'''
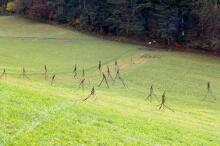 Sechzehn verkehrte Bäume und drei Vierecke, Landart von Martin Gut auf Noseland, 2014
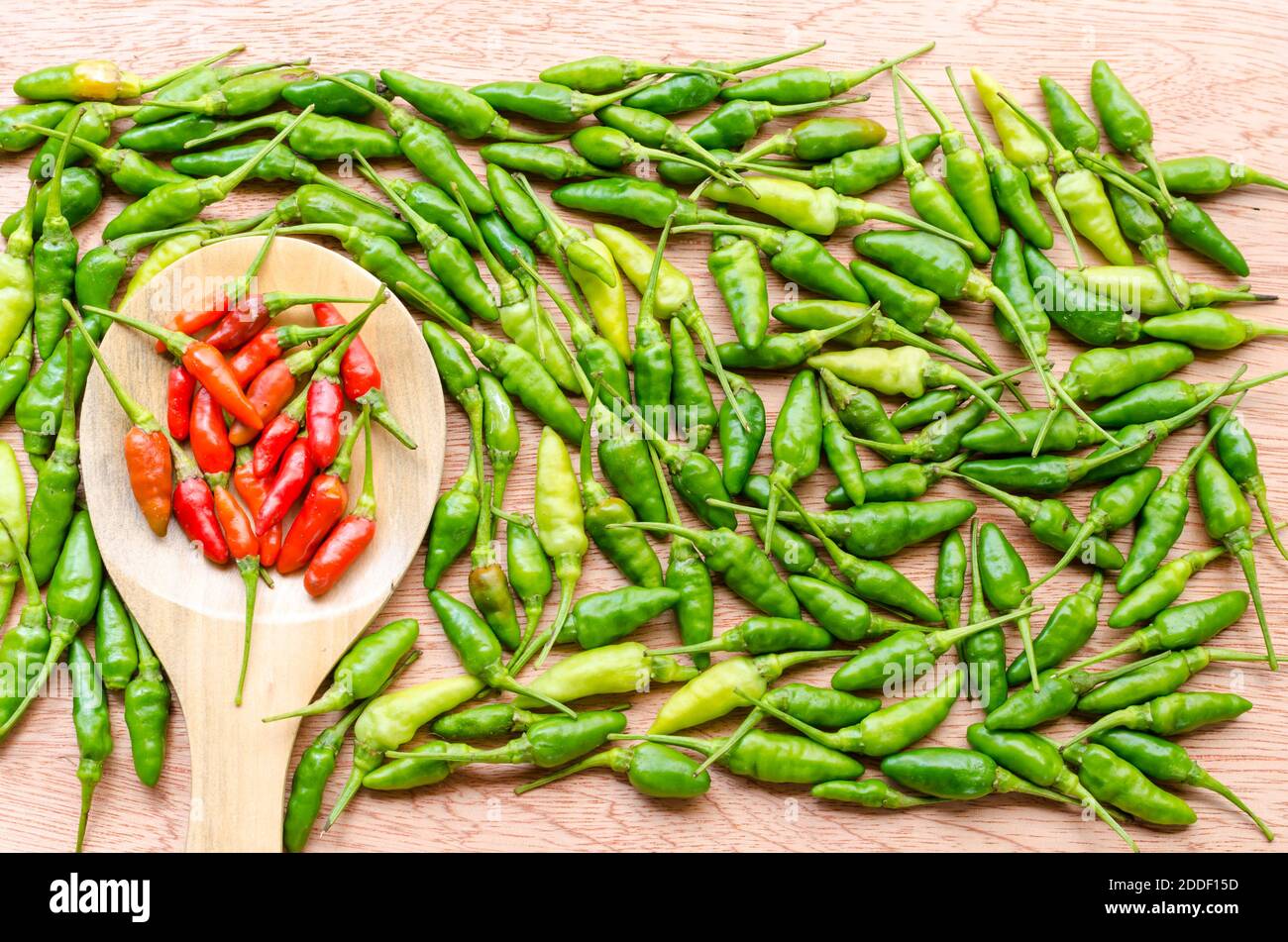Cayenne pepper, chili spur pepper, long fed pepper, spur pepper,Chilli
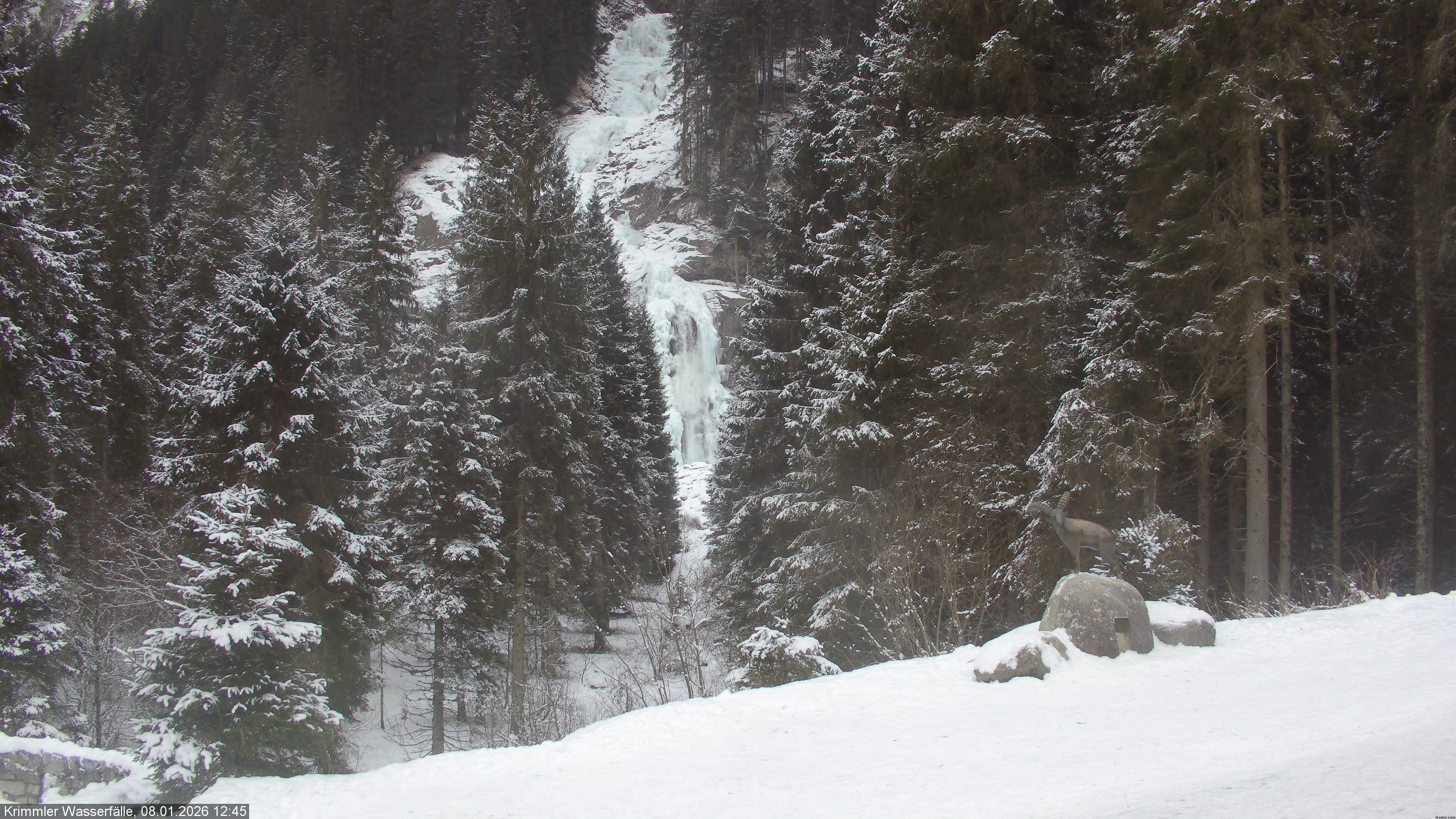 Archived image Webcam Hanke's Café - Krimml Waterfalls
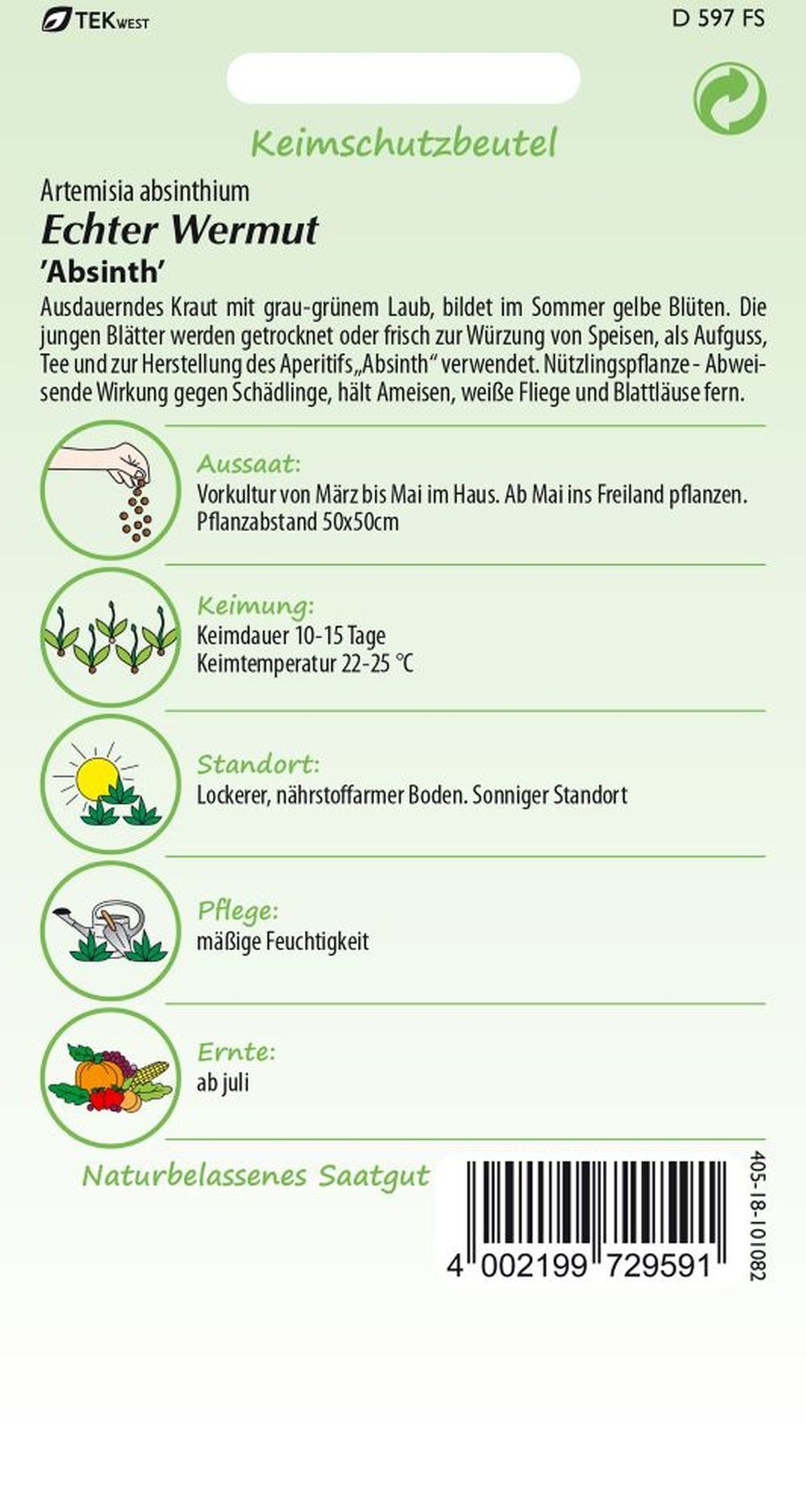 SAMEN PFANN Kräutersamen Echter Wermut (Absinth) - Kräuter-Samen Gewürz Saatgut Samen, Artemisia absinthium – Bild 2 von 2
'''
DIRECTIONS FOR THIS TASK
Everything in the material goes into the copy exactly, except the images.

ANSWER
 Sechzehn verkehrte Bäume und drei Vierecke, Landart von Martin Gut auf Noseland, 2014
Cayenne pepper, chili spur pepper, long fed pepper, spur pepper,Chilli
 Archived image Webcam Hanke's Café - Krimml Waterfalls
 SAMEN PFANN Kräutersamen Echter Wermut (Absinth) - Kräuter-Samen Gewürz Saatgut Samen, Artemisia absinthium – Bild 2 von 2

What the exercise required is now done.